After a Navy bugler in dress whites played taps, two Marine sergeants carefully folded the American flag from Corporal Reed’s coffin, with one of them presenting it to his widow, Dorothy Sobczak, who learned of his body’s return to Ohio through media coverage earlier in the week.
“I thank whoever did all this. They had a time finding me,” said Mrs. Sobczak, who added that she had remarried 10 years after Corporal Reed’s passing, but only after receiving a vision of him telling her she could.
“It was a beautiful ceremony. We couldn’t ask for a better day, and we couldn’t ask for a better service,” said Mr. Power, Corporal Reed’s brother-in-law and the spearhead of efforts to locate the body and bring it home. “This was his fifth burial. Now it’s finally over.”
Among those who watched was Danielle Davies of Toledo, who works as a nurse for Veterans Affairs and knows a patient there who vividly remembers the battle in which Corporal Reed died, even as his other memories fade.
“It was touching,” she said of the ceremony. “My son’s a Marine, too. And it’s nice they brought [Corporal Reed] home.”

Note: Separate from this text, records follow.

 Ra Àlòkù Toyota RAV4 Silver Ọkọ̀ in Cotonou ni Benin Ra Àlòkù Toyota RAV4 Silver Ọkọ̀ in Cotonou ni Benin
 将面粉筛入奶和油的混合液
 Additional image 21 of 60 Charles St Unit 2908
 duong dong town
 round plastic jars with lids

“I’m so glad he’s home. It’s amazing they were able to find him and bring him home,” said Georgia Ardner of Monroe, who went to the cemetery Saturday to visit relatives’ graves and made a point of being there for Corporal Reed’s burial.
Along with the active-duty Marines participating in the ceremony, retired Marine Cpl. Don Mooney of Erie Township attended the burial in full dress uniform.

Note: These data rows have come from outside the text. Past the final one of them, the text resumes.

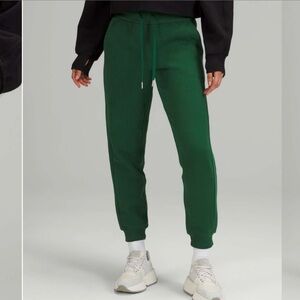 Lululemon High Rise Scuba Jogger (Everglade Green)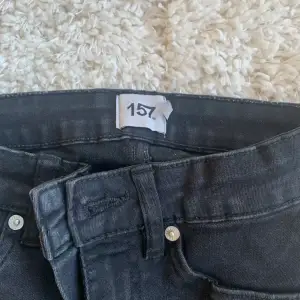 Midwaist skinny jeans från lager 157. Inte använda och har ingen skador eller sånt så är som nya. Köpte för 400 säljer för 200 kr. Skriv om ni undrar något.
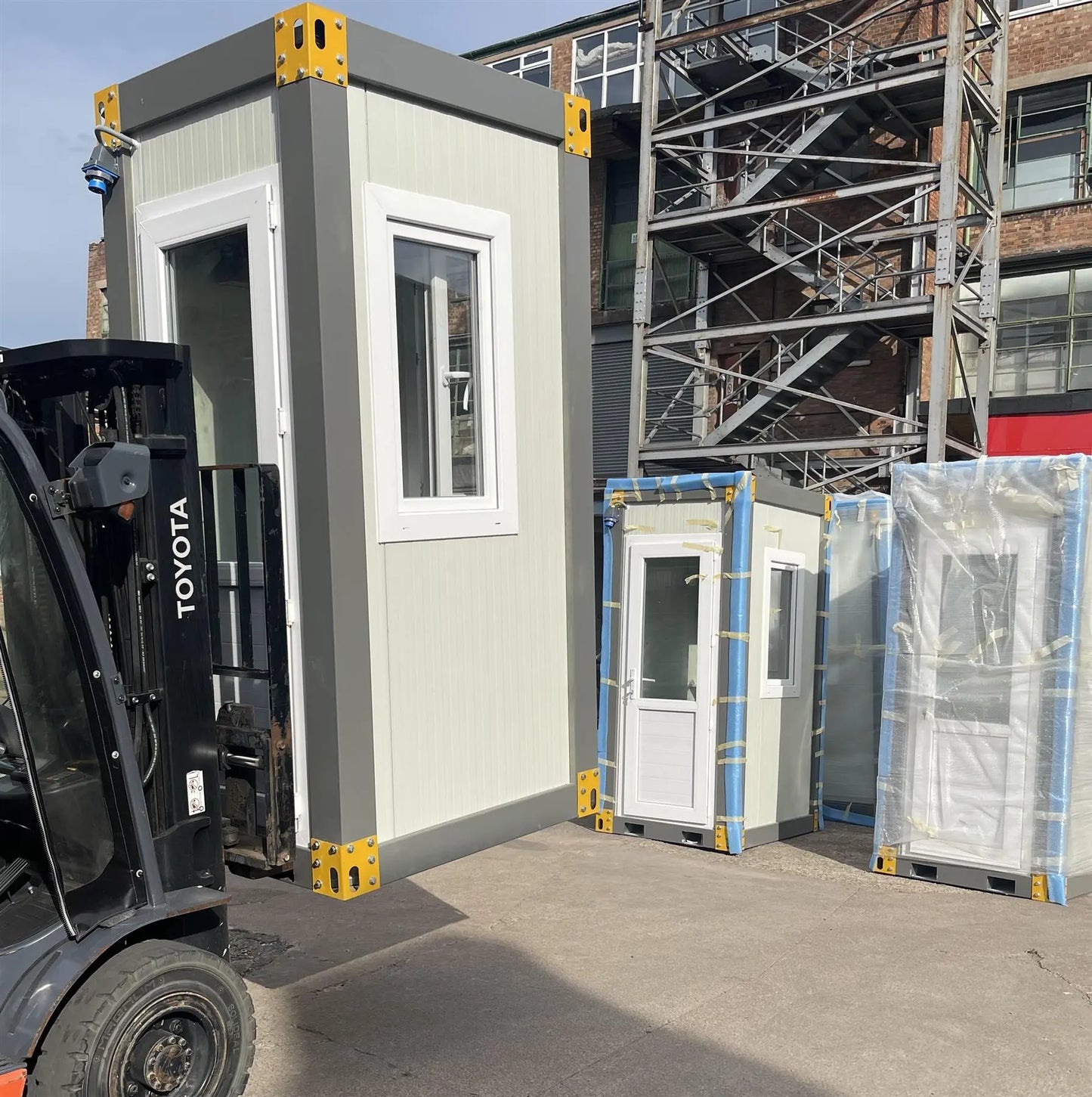 Portable Kiosk Cabin Booth Security Ticket Hut Gate House FREE SHIPPING*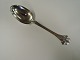 Butterfly. 
Silver (830). 
Dinner spoon. 
Length 21 cm. 
There are 12 
pieces in 
stock.
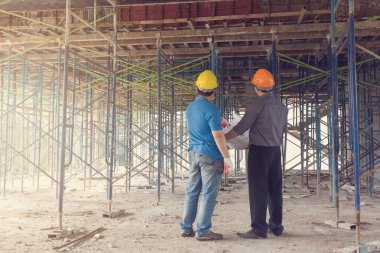 İnşaat kavramlar, mühendis ve mimar inşaat alanında blueprint, Vintage etkisi ile çalışma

“He would have been here for me if the roles were reversed,” he said.
Retired Marine Cpl. Don Mooney salutes the casket of Cpl. Harold Reed. Mr. Mooney’s battalion helped rescue those still alive or dead during the Korean War.
Also a Korean War veteran, Mr. Mooney said his battalion had been assigned to provide cover for other Marines while they retrieved as many battlefield dead as they could before North Korea’s Chinese allies overran their positions.
Some of those who had to be left behind, he recalled, were buried by blowing up a mountainside so that it would cover their bodies.
Other veterans arrived on motorcycles they had ridden a short time earlier through the streets of downtown Toledo.
“We rode in the Toledo [Memorial Day] parade, then we came here to honor this veteran,” said Doc Roth, a retired Army specialist from Wauseon.
The identification and return of Corporal Reed’s body to Ohio, Mr. Roth said, “shows a commitment on somebody’s part to repatriate those who were missing.”
Corporal Reed had been interred with several hundred unidentified Korean War veterans in the National Memorial Cemetery of the Pacific — commonly known as the Punch Bowl — in Honolulu after being brought back from overseas.
Mr. Power, an Army veteran of Korea, began efforts to identify Corporal Reed’s body several years ago after learning of efforts to DNA-match the unknowns. It was an old chest X-ray, however, that confirmed Corporal Reed’s identity once DNA suggested a possibility, said Timothy Power, Billy’s nephew.
The nephew added that his family had no idea as to Mrs. Sobczak’s whereabouts during that effort, but she contacted them after initial Blade coverage of Corporal Reed’s body’s imminent return to Toledo.